> _EXERCISE BRIEF_: An exact transcription of all the entries is needed; pictures stay out.

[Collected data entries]
☆ ☆ ☆ ☆

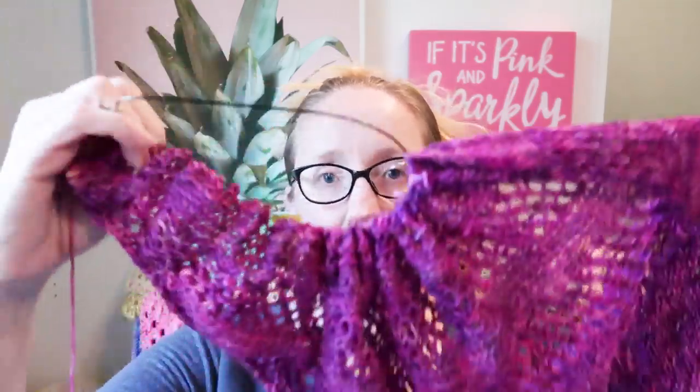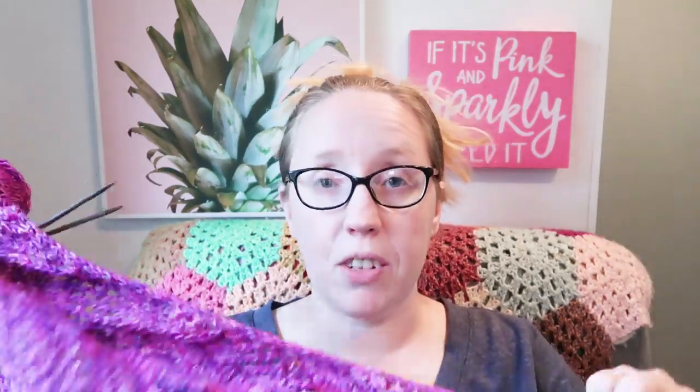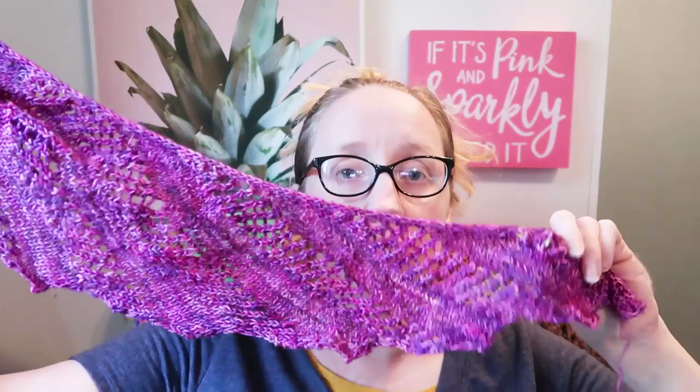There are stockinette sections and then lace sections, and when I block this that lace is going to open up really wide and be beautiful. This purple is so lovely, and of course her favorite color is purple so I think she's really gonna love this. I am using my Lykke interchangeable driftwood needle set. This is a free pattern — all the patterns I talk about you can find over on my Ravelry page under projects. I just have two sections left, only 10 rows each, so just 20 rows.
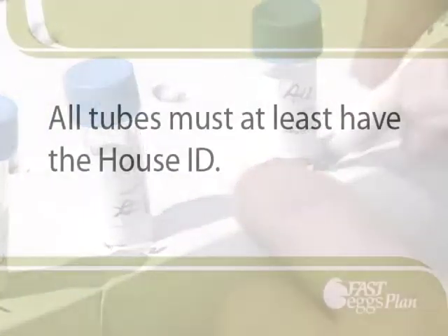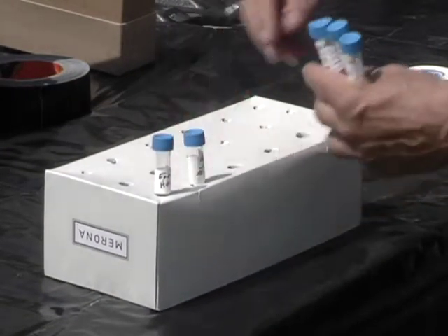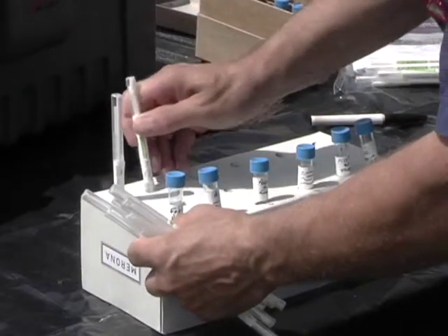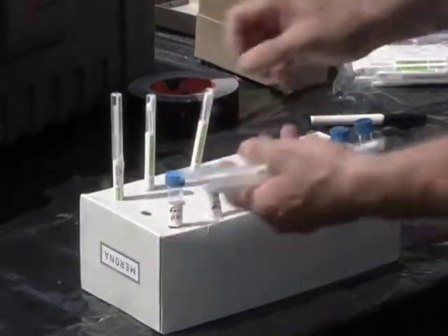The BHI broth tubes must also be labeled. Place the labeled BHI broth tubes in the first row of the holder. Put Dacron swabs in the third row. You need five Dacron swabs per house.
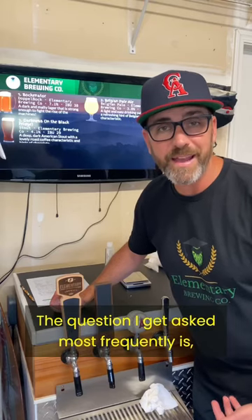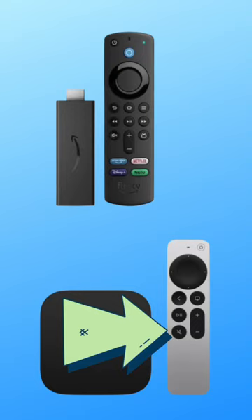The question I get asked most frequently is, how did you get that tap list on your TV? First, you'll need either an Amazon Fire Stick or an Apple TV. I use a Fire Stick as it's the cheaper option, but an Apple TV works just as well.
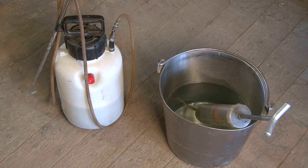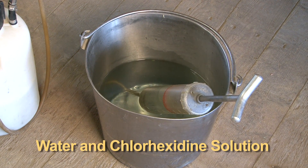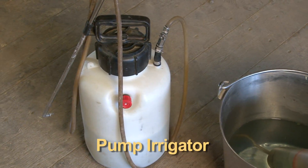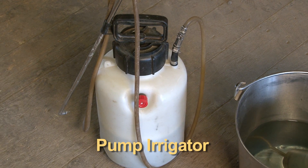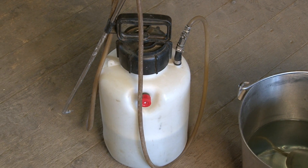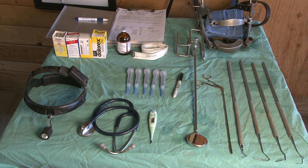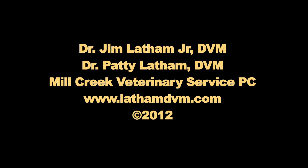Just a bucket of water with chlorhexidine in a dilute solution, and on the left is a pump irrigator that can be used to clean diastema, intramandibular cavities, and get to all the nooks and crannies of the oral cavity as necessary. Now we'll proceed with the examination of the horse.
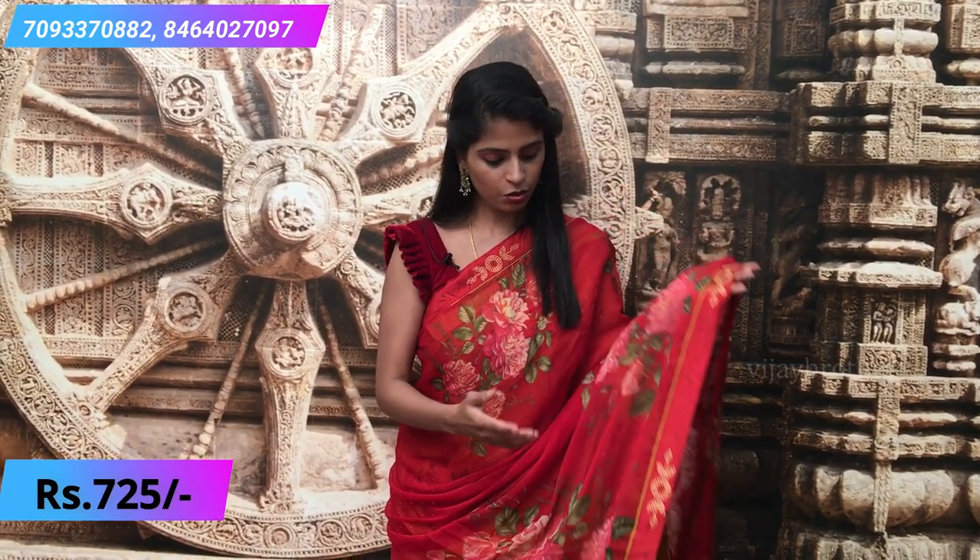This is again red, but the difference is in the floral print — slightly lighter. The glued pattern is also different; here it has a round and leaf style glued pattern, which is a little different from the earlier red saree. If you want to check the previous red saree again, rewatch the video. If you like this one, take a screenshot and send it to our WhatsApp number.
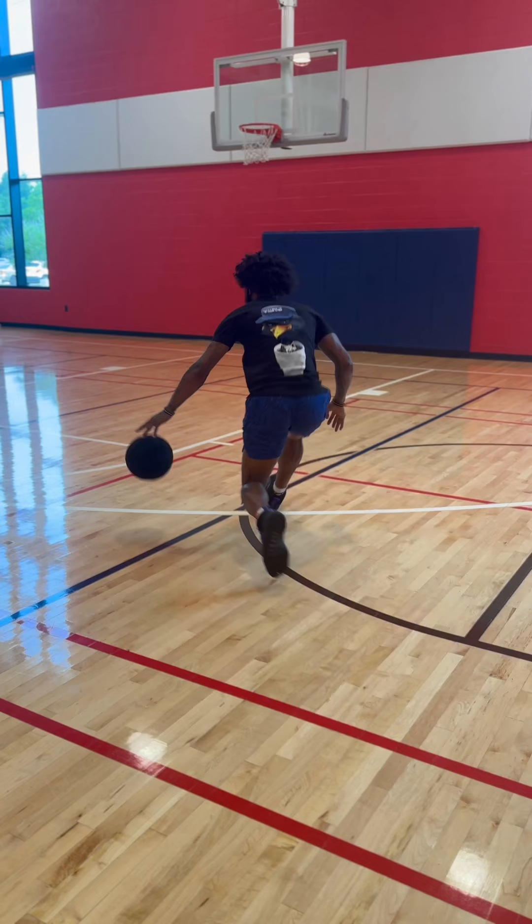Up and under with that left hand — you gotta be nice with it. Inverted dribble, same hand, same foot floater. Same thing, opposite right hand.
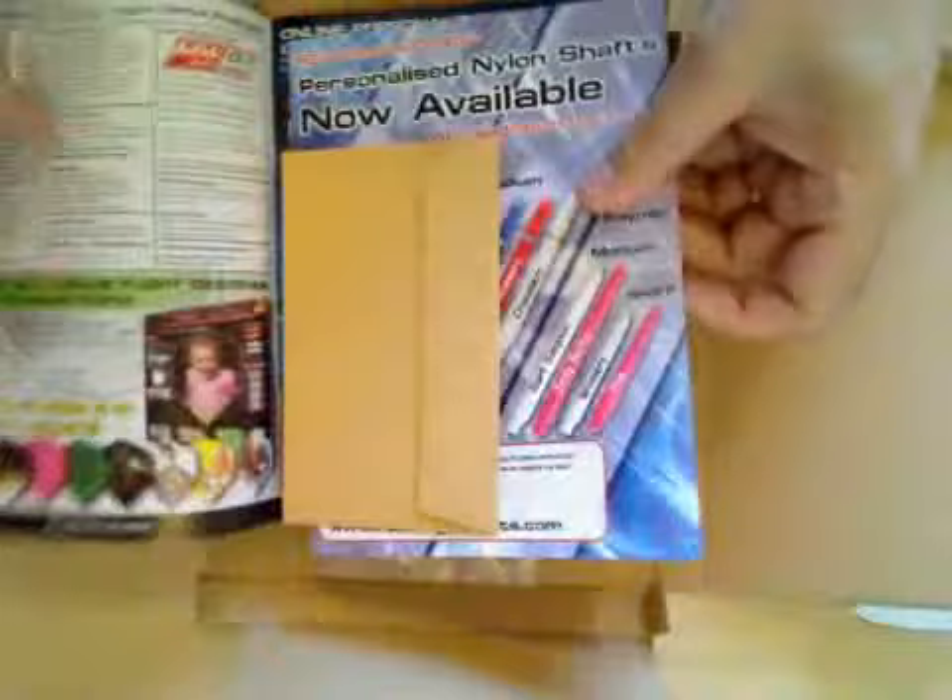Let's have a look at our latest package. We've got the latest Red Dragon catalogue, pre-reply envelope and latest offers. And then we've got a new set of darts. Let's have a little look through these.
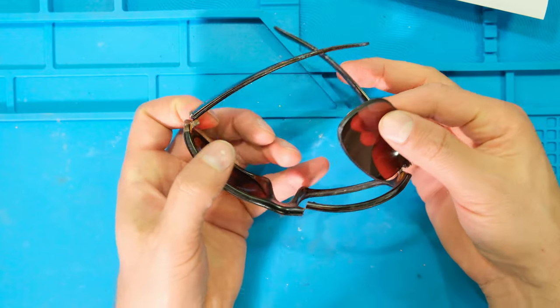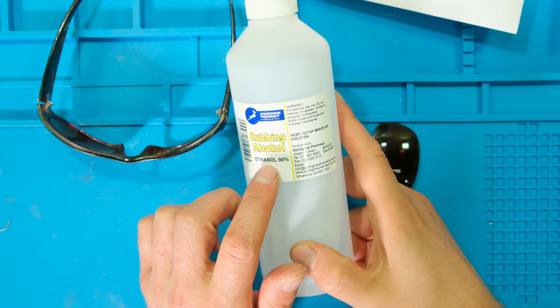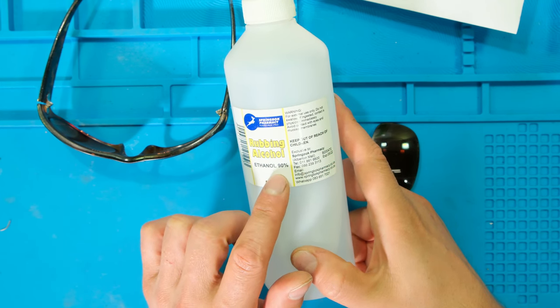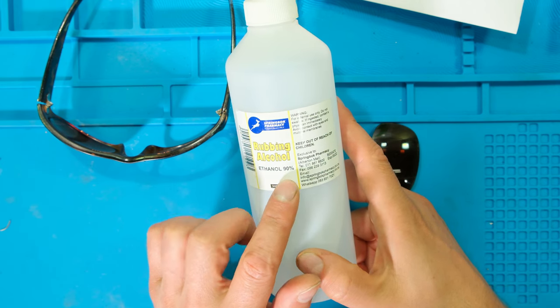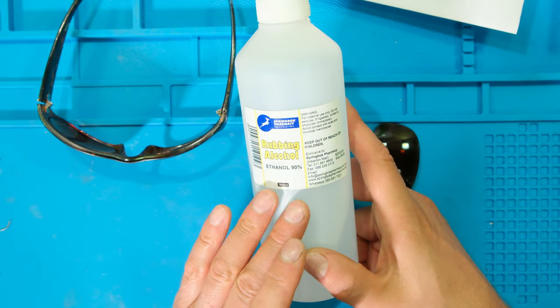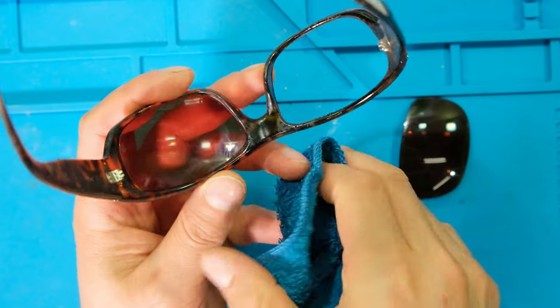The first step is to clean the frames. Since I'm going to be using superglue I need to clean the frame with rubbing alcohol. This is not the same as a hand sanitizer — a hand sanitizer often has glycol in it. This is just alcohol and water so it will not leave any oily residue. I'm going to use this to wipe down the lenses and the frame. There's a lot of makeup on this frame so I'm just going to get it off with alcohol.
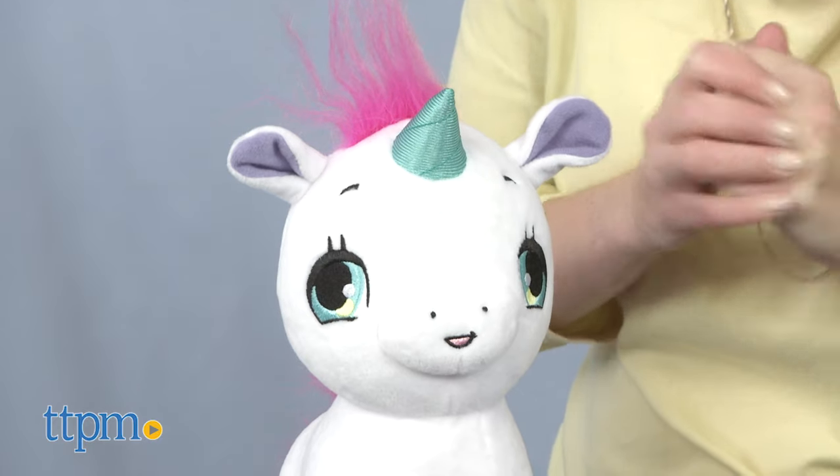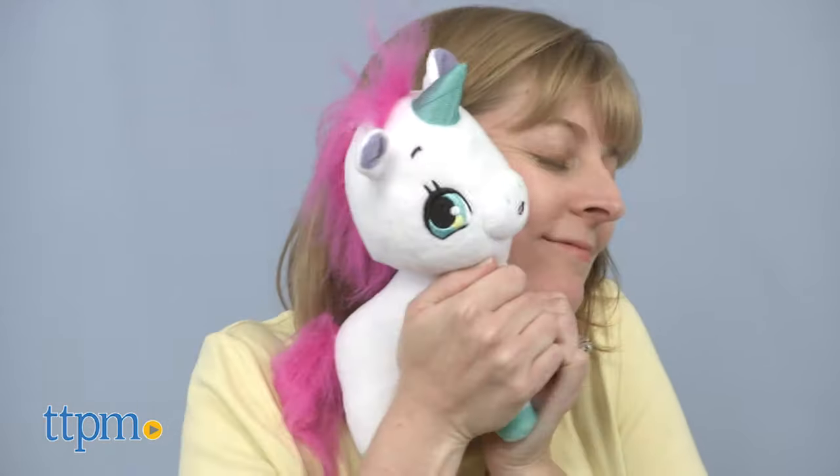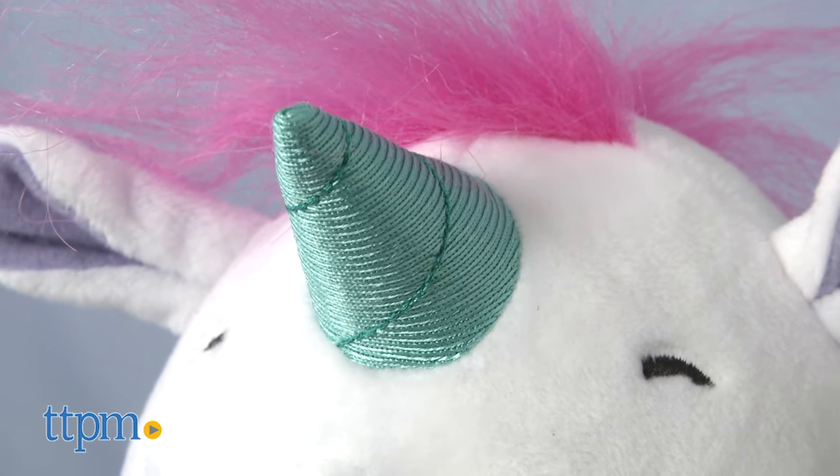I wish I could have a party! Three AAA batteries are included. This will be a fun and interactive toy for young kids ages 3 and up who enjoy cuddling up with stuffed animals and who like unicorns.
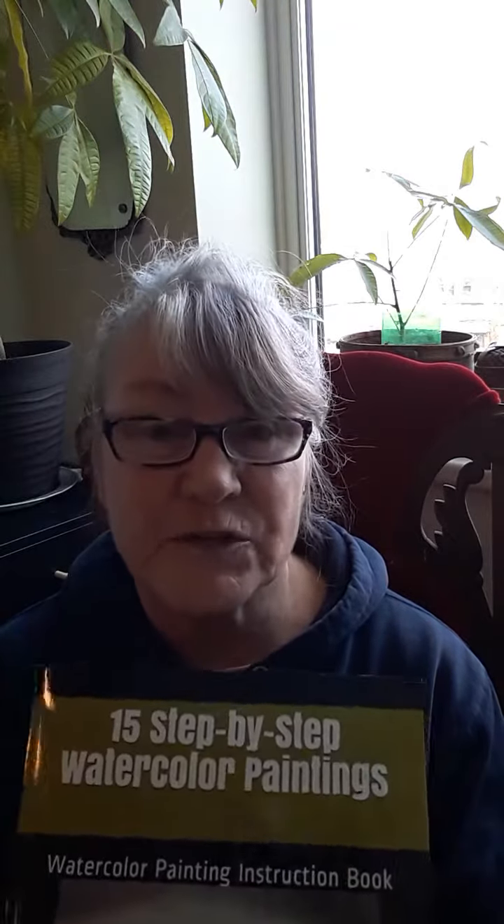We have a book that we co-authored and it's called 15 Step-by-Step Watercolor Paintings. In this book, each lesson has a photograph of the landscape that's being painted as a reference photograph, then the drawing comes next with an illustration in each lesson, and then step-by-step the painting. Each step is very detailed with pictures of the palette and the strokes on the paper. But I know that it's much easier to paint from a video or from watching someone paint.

☆ ☆ ☆ ☆

> _EXERCISE SOLUTION_:
There are stockinette sections and then lace sections, and when I block this that lace is going to open up really wide and be beautiful. This purple is so lovely, and of course her favorite color is purple so I think she's really gonna love this. I am using my Lykke interchangeable driftwood needle set. This is a free pattern — all the patterns I talk about you can find over on my Ravelry page under projects. I just have two sections left, only 10 rows each, so just 20 rows.
The BHI broth tubes must also be labeled. Place the labeled BHI broth tubes in the first row of the holder. Put Dacron swabs in the third row. You need five Dacron swabs per house.
The question I get asked most frequently is, how did you get that tap list on your TV? First, you'll need either an Amazon Fire Stick or an Apple TV. I use a Fire Stick as it's the cheaper option, but an Apple TV works just as well.
Just a bucket of water with chlorhexidine in a dilute solution, and on the left is a pump irrigator that can be used to clean diastema, intramandibular cavities, and get to all the nooks and crannies of the oral cavity as necessary. Now we'll proceed with the examination of the horse.
This is again red, but the difference is in the floral print — slightly lighter. The glued pattern is also different; here it has a round and leaf style glued pattern, which is a little different from the earlier red saree. If you want to check the previous red saree again, rewatch the video. If you like this one, take a screenshot and send it to our WhatsApp number.
Up and under with that left hand — you gotta be nice with it. Inverted dribble, same hand, same foot floater. Same thing, opposite right hand.
Let's have a look at our latest package. We've got the latest Red Dragon catalogue, pre-reply envelope and latest offers. And then we've got a new set of darts. Let's have a little look through these.
The first step is to clean the frames. Since I'm going to be using superglue I need to clean the frame with rubbing alcohol. This is not the same as a hand sanitizer — a hand sanitizer often has glycol in it. This is just alcohol and water so it will not leave any oily residue. I'm going to use this to wipe down the lenses and the frame. There's a lot of makeup on this frame so I'm just going to get it off with alcohol.
I wish I could have a party! Three AAA batteries are included. This will be a fun and interactive toy for young kids ages 3 and up who enjoy cuddling up with stuffed animals and who like unicorns.
We have a book that we co-authored and it's called 15 Step-by-Step Watercolor Paintings. In this book, each lesson has a photograph of the landscape that's being painted as a reference photograph, then the drawing comes next with an illustration in each lesson, and then step-by-step the painting. Each step is very detailed with pictures of the palette and the strokes on the paper. But I know that it's much easier to paint from a video or from watching someone paint.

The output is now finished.